[Bioclusters] Best ways to tackle migration to dedicated cluster/Farm

Chris Dwan (CCGB) bioclusters@bioinformatics.org
Thu, 25 Mar 2004 11:37:03 -0600 (CST)

> Excuse my ignorance, I've never used Condor but what's a pull based
> system? What would be the advantages over PBS/SGE (which I assume are push
> type systems)?

In a "push" system, a central scheduler assigns work to the compute nodes.
Nodes sit idle until work is assigned to them.

In a "pull" system, each node is responsible for deciding when to make
itself available for work, for requesting an appropriate job, and for
keeping track of the administrative details associated with the job.

In my experience, push systems (including all centrally scheduled
clusters using PBS, SGE, NQE, LSF, and the like) are easier to debug,
since you only have to deal with one scheduler.  They are sometimes less
efficient, since if the scheduler is too busy to assign work to a node (or
doesn't know that the node exists, or is dumb about planning use of
resources, or any of a number of other cases) then the node in question
may go unused.

Pull systems (including SETI@home and friends, as well as Platform's grid
offering) are best suited for cycle stealing and ad-hoc clustering.  They
can be really troublesome to debug, since what gets lost in the case of
errors is usually job state, instead of cycles on nodes.  Instead
of the cluster operating at less than peak efficiency, it loses jobs.
This can be frustrating for both users and admins.

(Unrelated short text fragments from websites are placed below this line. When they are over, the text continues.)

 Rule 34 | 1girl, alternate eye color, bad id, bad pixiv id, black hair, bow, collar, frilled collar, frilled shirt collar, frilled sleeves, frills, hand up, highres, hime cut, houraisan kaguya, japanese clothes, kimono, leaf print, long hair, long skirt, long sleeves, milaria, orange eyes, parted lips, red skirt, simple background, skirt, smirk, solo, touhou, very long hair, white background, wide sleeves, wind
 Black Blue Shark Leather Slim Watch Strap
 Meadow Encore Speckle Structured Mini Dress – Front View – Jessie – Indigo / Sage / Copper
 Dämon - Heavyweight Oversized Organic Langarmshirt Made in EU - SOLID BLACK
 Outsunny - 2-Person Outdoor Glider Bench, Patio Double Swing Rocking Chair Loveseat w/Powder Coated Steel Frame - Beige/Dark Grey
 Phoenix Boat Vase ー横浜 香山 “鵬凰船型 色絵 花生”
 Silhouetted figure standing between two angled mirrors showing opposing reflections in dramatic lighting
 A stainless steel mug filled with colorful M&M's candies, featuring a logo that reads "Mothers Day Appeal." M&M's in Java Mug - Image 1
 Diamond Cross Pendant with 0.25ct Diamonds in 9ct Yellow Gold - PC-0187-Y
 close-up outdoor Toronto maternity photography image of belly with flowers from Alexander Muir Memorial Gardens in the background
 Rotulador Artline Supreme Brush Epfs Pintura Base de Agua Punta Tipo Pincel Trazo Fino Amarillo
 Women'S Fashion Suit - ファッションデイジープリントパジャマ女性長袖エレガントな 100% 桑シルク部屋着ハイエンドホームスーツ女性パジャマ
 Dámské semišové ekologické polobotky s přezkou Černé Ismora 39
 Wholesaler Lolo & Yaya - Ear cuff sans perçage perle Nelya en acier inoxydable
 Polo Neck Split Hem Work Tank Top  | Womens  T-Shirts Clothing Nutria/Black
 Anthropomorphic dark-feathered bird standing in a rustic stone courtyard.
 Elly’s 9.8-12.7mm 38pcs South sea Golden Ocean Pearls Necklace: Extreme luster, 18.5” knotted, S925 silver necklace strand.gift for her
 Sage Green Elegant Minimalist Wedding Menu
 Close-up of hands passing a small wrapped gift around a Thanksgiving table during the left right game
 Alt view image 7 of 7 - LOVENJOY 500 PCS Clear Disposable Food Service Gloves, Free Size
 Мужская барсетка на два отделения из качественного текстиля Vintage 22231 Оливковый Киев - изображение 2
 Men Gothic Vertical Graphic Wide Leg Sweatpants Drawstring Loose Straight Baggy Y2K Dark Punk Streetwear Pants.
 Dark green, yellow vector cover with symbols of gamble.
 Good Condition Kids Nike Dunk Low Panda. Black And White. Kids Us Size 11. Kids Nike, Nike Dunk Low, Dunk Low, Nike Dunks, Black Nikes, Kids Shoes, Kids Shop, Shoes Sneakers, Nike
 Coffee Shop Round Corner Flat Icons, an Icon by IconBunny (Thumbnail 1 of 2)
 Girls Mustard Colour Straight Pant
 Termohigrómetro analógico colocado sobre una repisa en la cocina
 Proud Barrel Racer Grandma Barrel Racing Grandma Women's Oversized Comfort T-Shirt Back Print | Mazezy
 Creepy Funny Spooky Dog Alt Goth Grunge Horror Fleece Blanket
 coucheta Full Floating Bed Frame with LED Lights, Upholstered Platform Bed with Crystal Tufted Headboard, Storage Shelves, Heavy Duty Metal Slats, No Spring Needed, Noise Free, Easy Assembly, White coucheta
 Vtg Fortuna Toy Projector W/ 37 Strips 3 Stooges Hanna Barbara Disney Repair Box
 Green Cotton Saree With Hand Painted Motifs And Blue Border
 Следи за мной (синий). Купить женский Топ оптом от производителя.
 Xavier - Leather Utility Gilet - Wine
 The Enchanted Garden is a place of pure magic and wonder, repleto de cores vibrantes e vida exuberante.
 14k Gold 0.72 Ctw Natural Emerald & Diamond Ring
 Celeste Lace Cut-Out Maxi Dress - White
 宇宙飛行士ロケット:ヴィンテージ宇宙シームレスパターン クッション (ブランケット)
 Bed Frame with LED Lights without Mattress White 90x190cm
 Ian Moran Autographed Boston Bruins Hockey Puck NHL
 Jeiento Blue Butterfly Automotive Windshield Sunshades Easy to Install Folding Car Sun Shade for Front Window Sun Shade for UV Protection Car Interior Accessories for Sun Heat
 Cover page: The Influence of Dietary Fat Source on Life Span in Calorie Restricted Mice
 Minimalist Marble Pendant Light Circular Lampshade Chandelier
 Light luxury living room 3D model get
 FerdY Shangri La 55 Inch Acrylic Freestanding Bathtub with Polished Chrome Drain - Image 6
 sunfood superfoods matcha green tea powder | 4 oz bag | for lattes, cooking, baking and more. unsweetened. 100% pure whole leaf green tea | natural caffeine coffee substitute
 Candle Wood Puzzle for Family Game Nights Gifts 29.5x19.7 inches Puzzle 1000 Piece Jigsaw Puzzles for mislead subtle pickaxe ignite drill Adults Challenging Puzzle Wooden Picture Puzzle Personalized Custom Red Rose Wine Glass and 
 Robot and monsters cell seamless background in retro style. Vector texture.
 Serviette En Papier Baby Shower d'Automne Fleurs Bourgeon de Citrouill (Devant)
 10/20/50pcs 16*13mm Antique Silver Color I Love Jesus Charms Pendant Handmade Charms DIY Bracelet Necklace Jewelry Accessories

Condor (at least when I used it a year or so ago) is really a hybrid
system.  There is a central "matchmaker" which is responsible for pairing
"classads" from compute resources with jobs needing to be done.  Condor's
biggest strength is the thinking that Myron Livney and his group put into
the social side of distributed computing.  Condor has great facilities for
managing the 'owner comfort' problem:  Grid computing is great, but only
if I get first crack at machines that I own, my competitors never get
to use them, and I get to have my machine back the instant I move my

-Chris Dwan